What is required
Skip the pictures, and retype the data below in full, exactly.

Supplied material
——
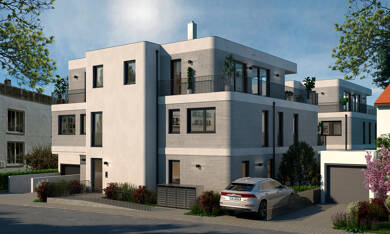 Wohnung zum Kauf - Erstbezug provisionsfrei 648.500 € 3 Zimmer 83,8 m² Pfaffenhofen a d Ilm Pfaffenhofen 85276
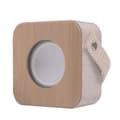 Miniatyrbild 3 av 3: Bluetooth-högtalare 5.1 - Mars Gaming - MS-ECO - Ekologisk - Färg Bamboo - 2 års garanti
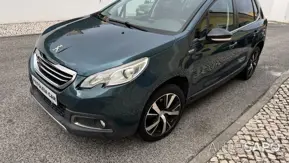 Peugeot 2008 1.2 PureTech Allure de 2016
——
Result
 Wohnung zum Kauf - Erstbezug provisionsfrei 648.500 € 3 Zimmer 83,8 m² Pfaffenhofen a d Ilm Pfaffenhofen 85276
 Miniatyrbild 3 av 3: Bluetooth-högtalare 5.1 - Mars Gaming - MS-ECO - Ekologisk - Färg Bamboo - 2 års garanti
 Peugeot 2008 1.2 PureTech Allure de 2016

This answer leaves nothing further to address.